Il 14 aprile 2026 gli studenti partecipano a una lezione di educazione ambientale organizzata dal Reparto Carabinieri Biodiversità di Lucca.

Il progetto, denominato “Un albero per il futuro”, è nato dalla collaborazione tra il Corpo Forestale e il Ministero dell’Ambiente e della Sicurezza Energetica.

Attraverso la donazione di piante autoctone coltivate dal Reparto Carabinieri Biodiversità di Pieve Santo Stefano (AR) e il loro impianto, il progetto ha lo scopo di creare un grande bosco diffuso che si svilupperà nelle aree verdi di tutte le scuole italiane che partecipano a questa iniziativa e contribuirà alla lotta contro il cambiamento climatico attraverso l’assorbimento di anidride carbonica, oltre a fornire i numerosi servizi che i boschi offrono all’uomo.

L’iniziativa, condotta da due militari del Reparto CC Biodiversità di Lucca e con la partecipazione del Comandante del Comando Provinciale dell’Arma Col. Michele Lastella, ha riscosso ampio successo: n. 96 studenti in totale tra scuola primaria e dell’infanzia, tra cui anche l’assessore all’istruzione Simona Testaferrata, il rappresentante dell’ufficio scolastico territoriale del Comune di Lucca Catia Abbracciavento e la dirigente scolastico Teresa Monacci.

Come illustrato dai militari, in questi ultimi anni il progetto “Un albero per il futuro” si è arricchito con “L’albero di Falcone”, un’altra iniziativa con cui i Carabinieri, attraverso la specialità forestale, intendono combattere i crimini ambientali e le ecomafie attraverso l’educazione alla legalità ambientale e all’impegno sociale, coinvolgendo soprattutto le scuole.

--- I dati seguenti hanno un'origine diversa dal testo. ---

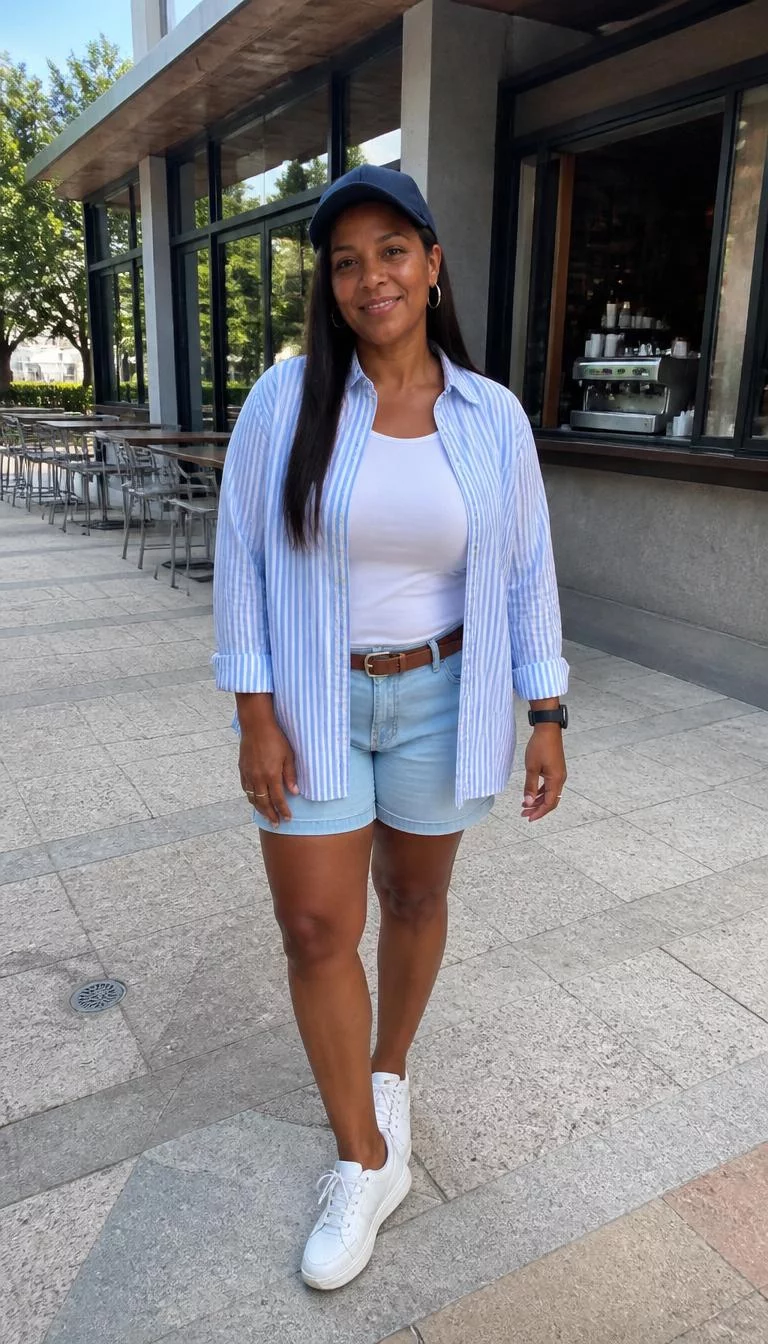 Light Blue Striped Shirt And Navy Cap With Shorts A photorealistic full body shot of a 38-year-old Afro-Caribbean woman with a pear-shaped face, light, button nose, softly curved eyebrows, and full lips. Her face features small scar on the eyebrow, slightly flushed cheeks, and subtle natural facial asymmetry. She has upturned gray eyes, rounded cheeks, broad smile, relaxed. She is average build with dark long straight hair and is wearing a navy cap, light blue striped shirt, white top, and shorts with a belt, outdoors by a modern cafe building, no people in the background, high-quality mobile photography, shot on an iPhone 14.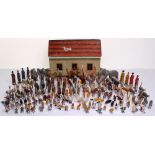 A painted wooden Noah’s Ark with over a hundred and fifty carved figures and animals, German circa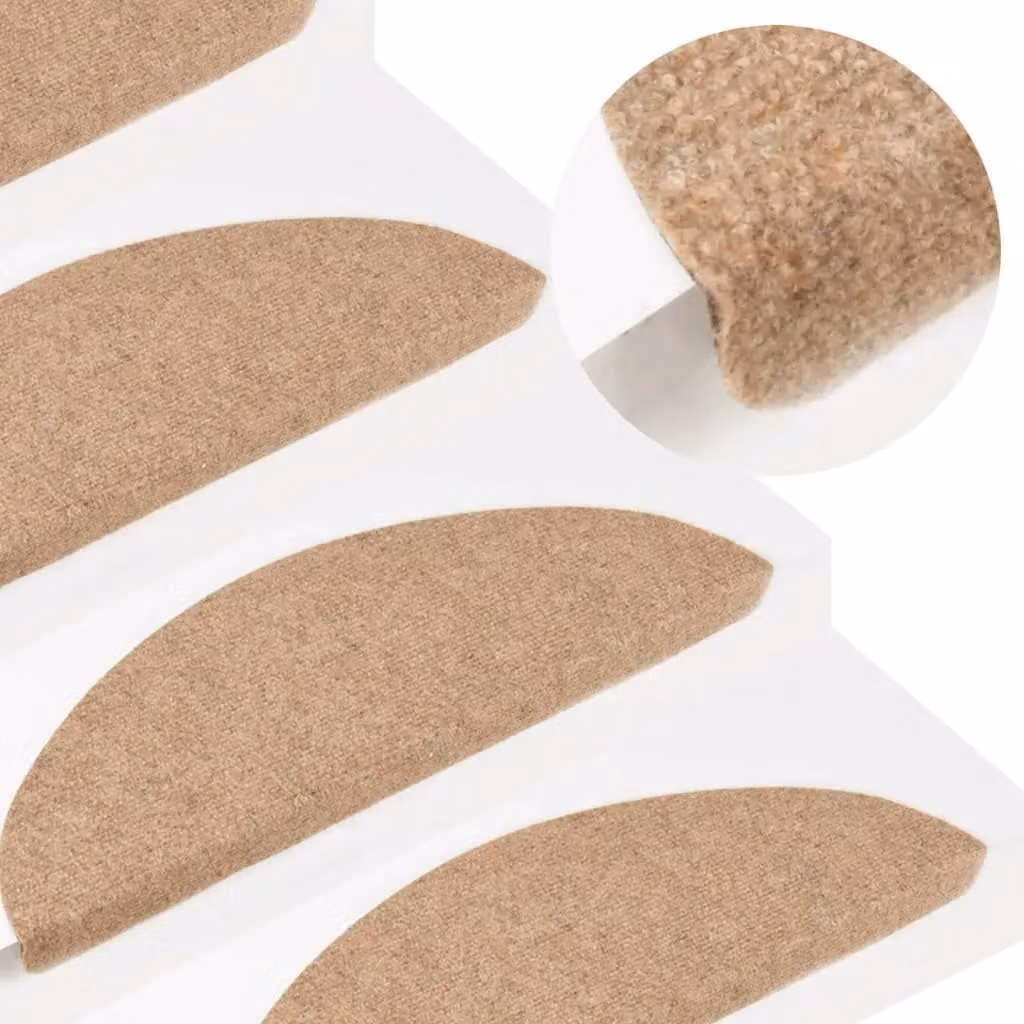 vidaXL Tappetini Autoadesivi per Scale, Set da 20 Pezzi, Beige, L 56 x P 17 x H 3,5 cm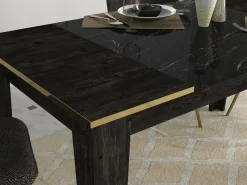 Tavolo elegante rettangolare 8 posti nero e oro 145x85cm - Asciano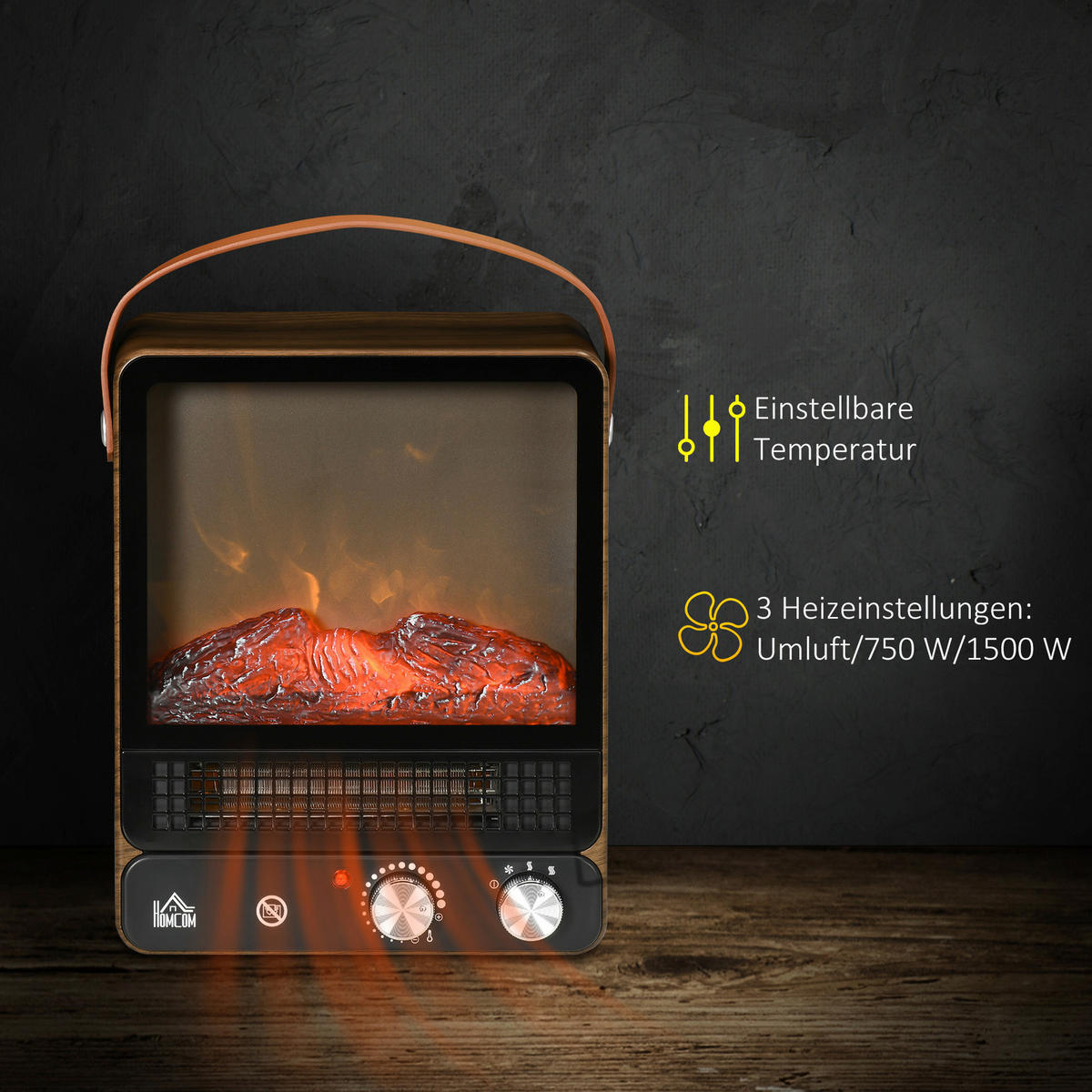HOMCOM Elektro-Feuerstelle 820-348V90WN braun Edelstahl Polypropylen Kunststoff B/H/L: ca. 17,5x30,3x37,4 cm ca. 1500 W Elektrische_Feuerstelle - braun (37,40/17,50/30,30cm) - HOMCOM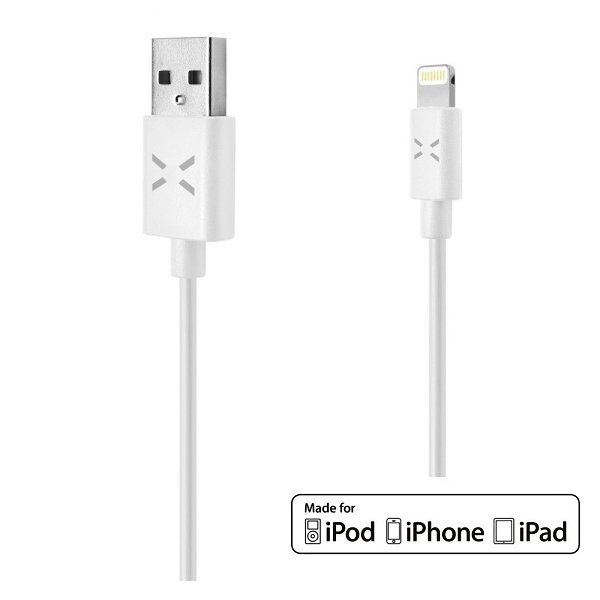 Certifikovaný USB datový kabel FIXED s konektorem Lightning, MFI licence, 1m, bílý
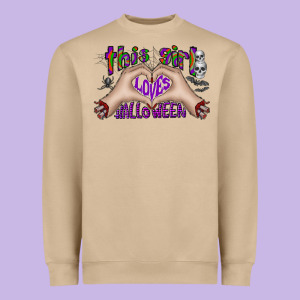 This Girl Loves Halloween Heavyweight Sweatshirt Designed By Cowhidedigitalart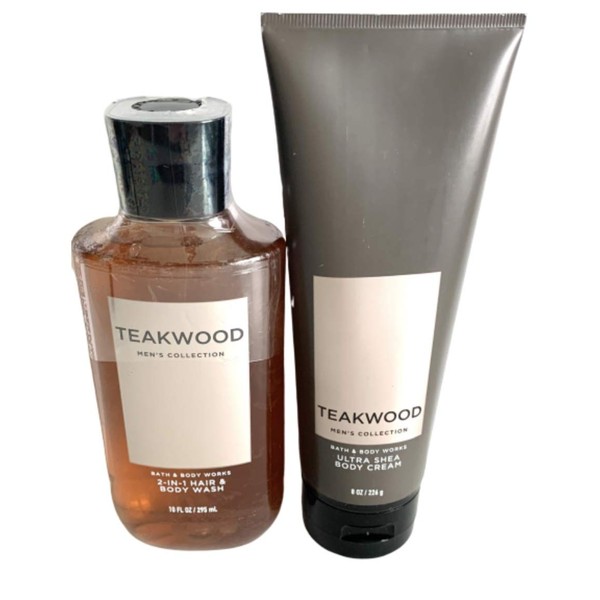 Bath and Body Works Teakwood Men's Collection Ultra Shea Body Cream and 2 in 1 Hair and Body Wash (2 Pack Bundle)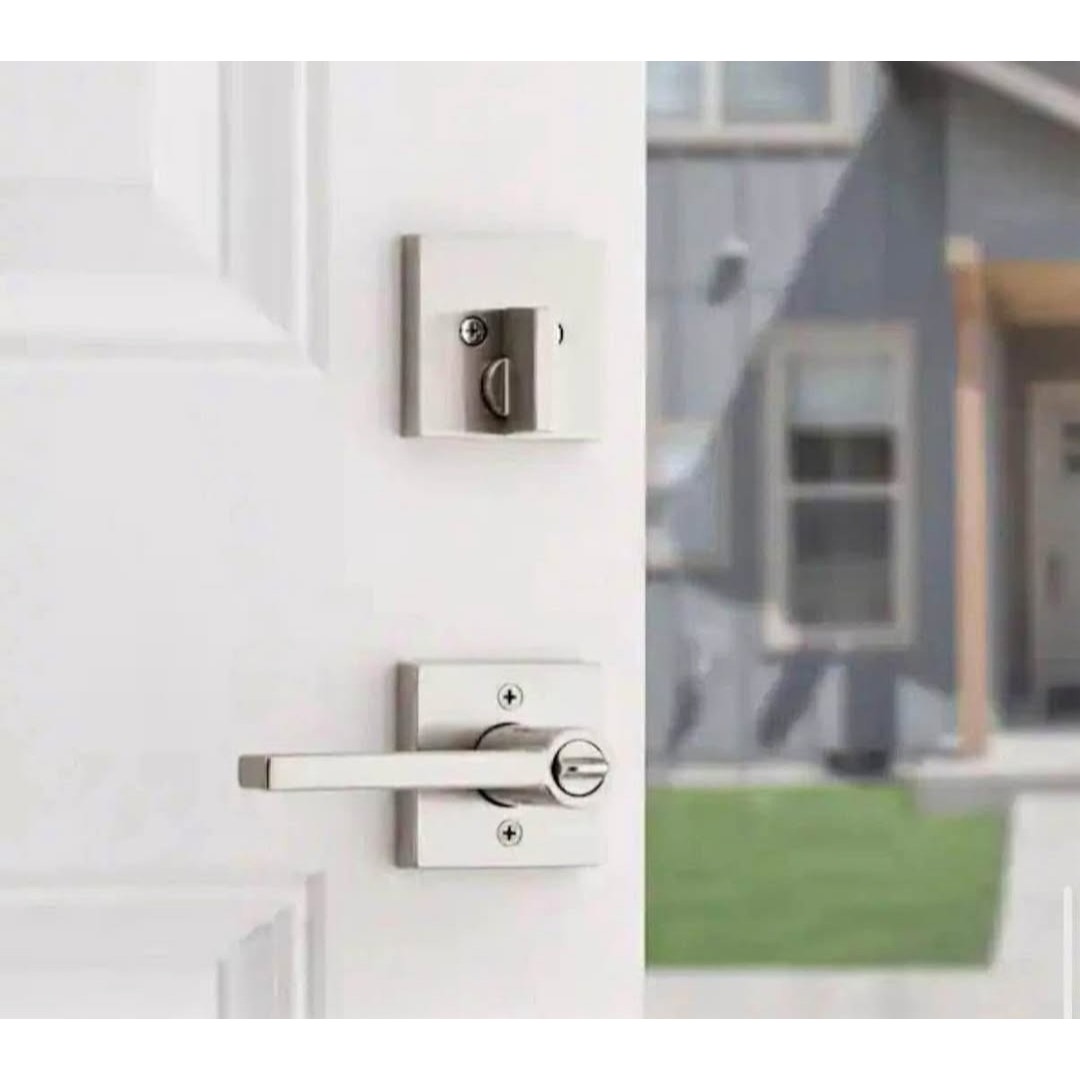 $30 obo Kwikset Halifax Satin Nickel Entry Door Handle with Single Cylinder Deadbolt ComboPack feat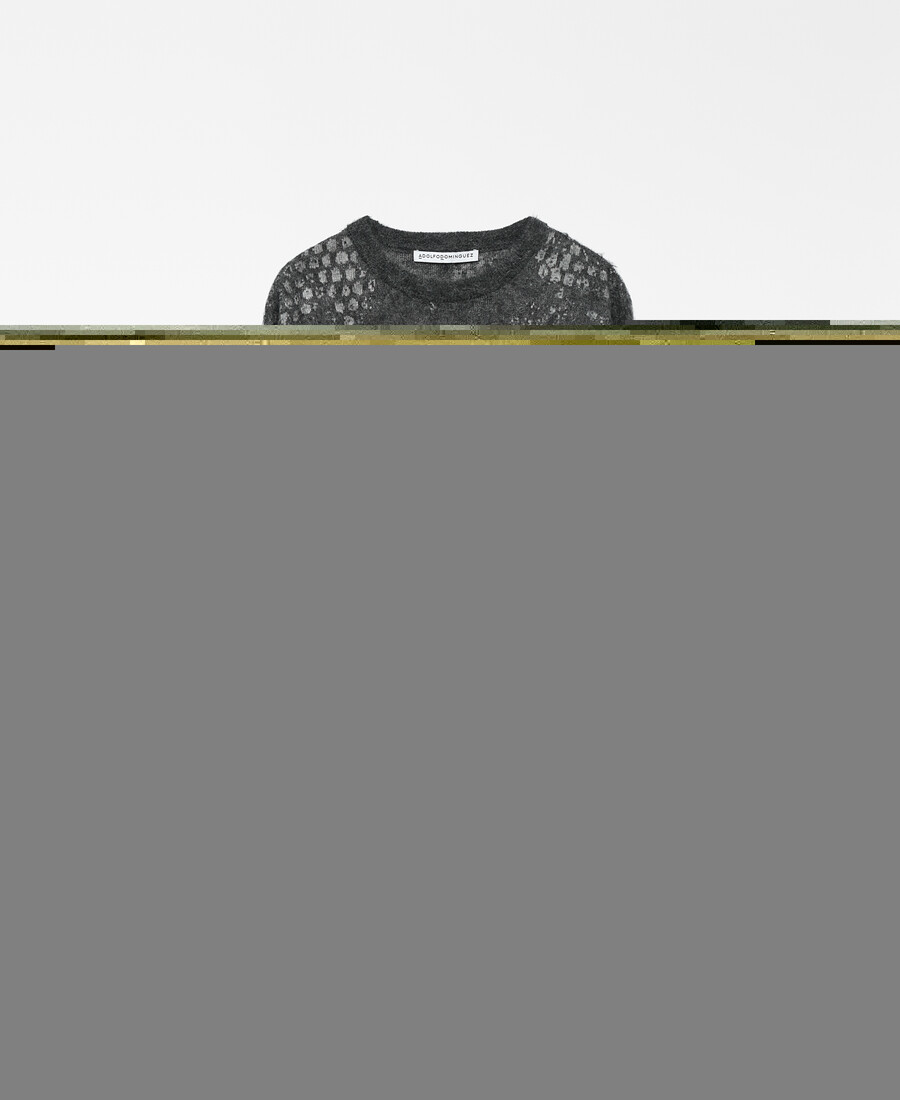 maglione donna in maglia jacquard garzata
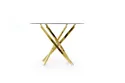 Кухонний стіл HALMAR RAYMOND, 100x100 см стільниця - прозора, ніжки - золото фото thumb №7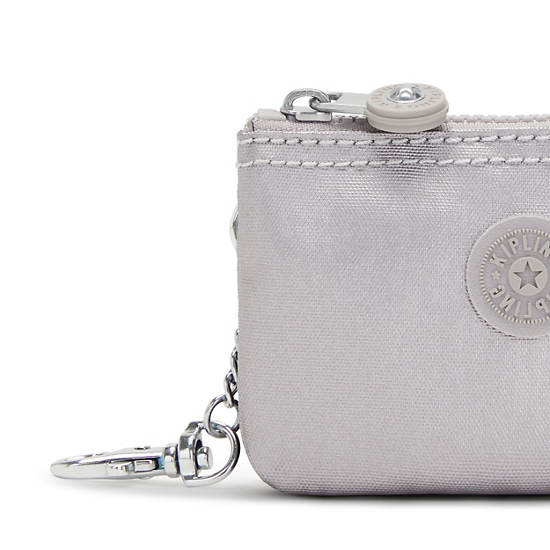 Bolsas Kipling Creativity Mini Metallic Pouch Keychain Plateados | MX 2101EB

In particolare, dal Ficus macrophylla che cresce a Palermo di fronte alla casa del giudice Giovanni Falcone, sono state prelevate delle talee, piccole parti di piante nate dalla crescita vegetativa delle gemme, riprodotte dal Centro Nazionale Carabinieri per la biodiversità forestale di Pieve Santo Stefano (AR); queste piantine di Ficus vengono donate dalle unità forestali dell’Arma alle scuole che partecipano al Progetto.

I militari coinvolti nell’attività svolta nella Scuola di Sant’Alessio hanno offerto agli studenti l’opportunità di riflettere sul fatto che oggi l’ambiente è molto attenzionato anche dalla criminalità, inclusa quella organizzata, che è sempre più impegnata in attività illegali nel settore ambientale, causando gravi danni alla salute del nostro Pianeta e di tutti i suoi abitanti. In questa occasione sono state donate, oltre alla talea di Ficus, anche 5 piante autoctone (farnia, sorbo montano, corniolo), che sono state immediatamente piantate dagli studenti della scuola.

Nello stesso giorno, il 14 aprile 2026, altri militari del Reparto Carabinieri Biodiversità di Lucca hanno visitato l’Istituto Comprensivo ICSP “Enrico Pea” di Porcari (LU).

Qui, con 120 studenti di 5 classi della scuola secondaria di primo grado, hanno approfondito alcuni dei compiti istituzionali dei Carabinieri, con particolare riferimento alle unità forestali. Sono stati analizzati diversi aspetti relativi alla tutela e conservazione della biodiversità animale e vegetale, come la diffusione della cultura ambientale, l’importanza del rispetto delle normative del settore nelle azioni quotidiane, nonché l’adozione di buone pratiche sostenibili a tutela dell’ambiente e degli animali che lo abitano. Un incontro prezioso che ha promosso il dialogo e la collaborazione tra scuola e istituzioni, fornendo agli studenti strumenti concreti per orientarsi e fare la propria parte nella tutela del patrimonio naturalistico del nostro Paese.